Les outils de la diplomatie égyptienne

Donner la voix à des opposants syriens modérés et créer une opposition unifiée en vue d’une éventuelle résolution politique du conflit syrien ont été toujours le but du Caire, en arbitrant, depuis 2015, l’un des plus importants groupes d’opposition syrienne élargie, connu par « le groupe du Caire » ou « la plateforme du Caire ». Selon Al-Khatib, au cours des dernières années, Le Caire a fourni un grand soutien à ce groupe en facilitant le déplacement des membres du groupe et l’organisation des conférences. « Aujourd’hui, ce groupe est considéré comme l’un des principaux outils sur lequel l’Egypte va fortement s’appuyer dans ses tentatives de médiation dans les jours à venir », dit Tareq Fahmi, professeur de sciences politiques à l’Université du Caire. C’est déjà en s’appuyant sur ce groupe que l’Egypte a pu mener ses deux médiations réussites à Ghouta orientale et à Homs. L’importance du « groupe du Caire », comme l’explique Rashed, réside dans la variété de sa composition par rapport aux groupes d’opposition, en regroupant à la fois des factions proches du régime syrien et de grandes figures de ladite « opposition interne ». Il représente aussi, comme dit Al-Khatib, un point de liaison entre les deux autres principaux groupes d’opposition : celui de Moscou et celui de Riyad.

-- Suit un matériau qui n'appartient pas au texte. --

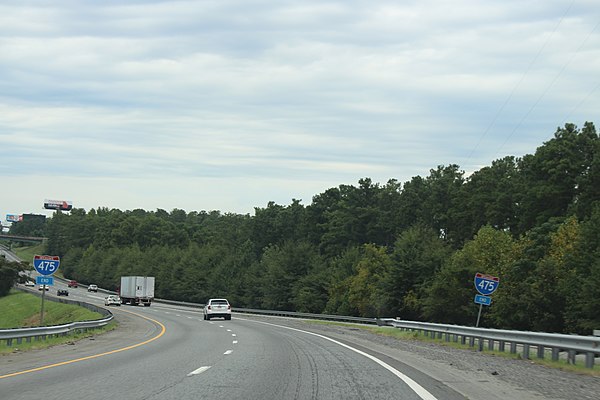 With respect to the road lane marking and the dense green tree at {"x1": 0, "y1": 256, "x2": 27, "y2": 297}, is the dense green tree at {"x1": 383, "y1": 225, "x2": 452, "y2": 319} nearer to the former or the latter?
the road lane marking

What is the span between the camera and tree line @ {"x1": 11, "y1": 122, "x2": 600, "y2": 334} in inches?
2406

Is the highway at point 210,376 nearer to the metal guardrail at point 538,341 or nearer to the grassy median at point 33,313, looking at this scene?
the metal guardrail at point 538,341

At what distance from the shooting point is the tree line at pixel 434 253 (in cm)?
6112

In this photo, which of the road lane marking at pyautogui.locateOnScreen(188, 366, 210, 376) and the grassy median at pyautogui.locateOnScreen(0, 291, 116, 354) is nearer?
the road lane marking at pyautogui.locateOnScreen(188, 366, 210, 376)

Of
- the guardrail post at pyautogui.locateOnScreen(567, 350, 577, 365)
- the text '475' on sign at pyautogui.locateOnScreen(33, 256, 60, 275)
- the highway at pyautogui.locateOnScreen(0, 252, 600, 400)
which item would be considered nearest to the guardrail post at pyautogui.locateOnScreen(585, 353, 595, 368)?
the highway at pyautogui.locateOnScreen(0, 252, 600, 400)

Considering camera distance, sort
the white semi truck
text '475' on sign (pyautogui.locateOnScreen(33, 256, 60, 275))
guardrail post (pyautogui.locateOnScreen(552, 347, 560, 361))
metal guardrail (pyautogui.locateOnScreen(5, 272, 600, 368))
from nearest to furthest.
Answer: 1. metal guardrail (pyautogui.locateOnScreen(5, 272, 600, 368))
2. guardrail post (pyautogui.locateOnScreen(552, 347, 560, 361))
3. text '475' on sign (pyautogui.locateOnScreen(33, 256, 60, 275))
4. the white semi truck

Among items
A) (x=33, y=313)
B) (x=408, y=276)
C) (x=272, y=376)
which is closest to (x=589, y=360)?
(x=272, y=376)

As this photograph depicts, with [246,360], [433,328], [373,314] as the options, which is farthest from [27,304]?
[246,360]

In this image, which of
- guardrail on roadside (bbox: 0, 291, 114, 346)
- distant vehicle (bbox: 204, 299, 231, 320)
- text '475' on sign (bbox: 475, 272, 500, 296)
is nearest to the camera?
guardrail on roadside (bbox: 0, 291, 114, 346)

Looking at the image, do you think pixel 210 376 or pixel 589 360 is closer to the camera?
pixel 210 376

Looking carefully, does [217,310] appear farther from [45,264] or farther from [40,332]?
[40,332]

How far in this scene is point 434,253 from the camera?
80.4 m

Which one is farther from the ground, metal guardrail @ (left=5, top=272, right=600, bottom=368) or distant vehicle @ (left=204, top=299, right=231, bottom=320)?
metal guardrail @ (left=5, top=272, right=600, bottom=368)

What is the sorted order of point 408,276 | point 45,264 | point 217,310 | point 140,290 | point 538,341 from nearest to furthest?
1. point 538,341
2. point 45,264
3. point 217,310
4. point 408,276
5. point 140,290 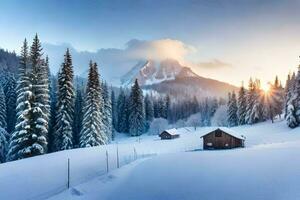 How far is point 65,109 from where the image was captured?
2251 inches

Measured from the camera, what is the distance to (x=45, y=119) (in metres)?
48.1

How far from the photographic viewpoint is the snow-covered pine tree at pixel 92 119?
60688 millimetres

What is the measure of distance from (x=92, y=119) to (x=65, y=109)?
5508 mm

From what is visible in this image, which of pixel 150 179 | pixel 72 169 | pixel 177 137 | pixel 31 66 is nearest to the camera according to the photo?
pixel 150 179

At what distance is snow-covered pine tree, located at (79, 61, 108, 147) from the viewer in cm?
6069

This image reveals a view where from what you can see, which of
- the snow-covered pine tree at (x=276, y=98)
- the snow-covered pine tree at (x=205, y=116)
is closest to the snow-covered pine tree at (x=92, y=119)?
the snow-covered pine tree at (x=276, y=98)

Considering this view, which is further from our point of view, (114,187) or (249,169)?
(249,169)

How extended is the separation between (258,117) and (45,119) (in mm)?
74210

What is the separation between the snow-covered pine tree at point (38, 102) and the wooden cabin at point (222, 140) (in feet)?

Autre outil, comme l’ajoute Fahmi, « c’est la volonté claire et nette de la Russie, acteur international numéro 1 dans le conflit syrien, de pousser l’Egypte à jouer un rôle politique plus croissant en Syrie ». Cette ouverture russe envers l’Egypte concernant le dossier syrien a été prise après un consensus russo-américain de marginaliser la Turquie à cause de son alignement total aux groupes terroristes armés qui combattent le régime d’Assad, et de la violation d’Ankara de la souveraineté syrienne dans son combat contre les Kurdes. « En s’appuyant sur Le Caire, Moscou tente de combler le vide de l’absence d’un médiateur neutre et crédible dans les négociations du règlement de la crise syrienne », conclut-il.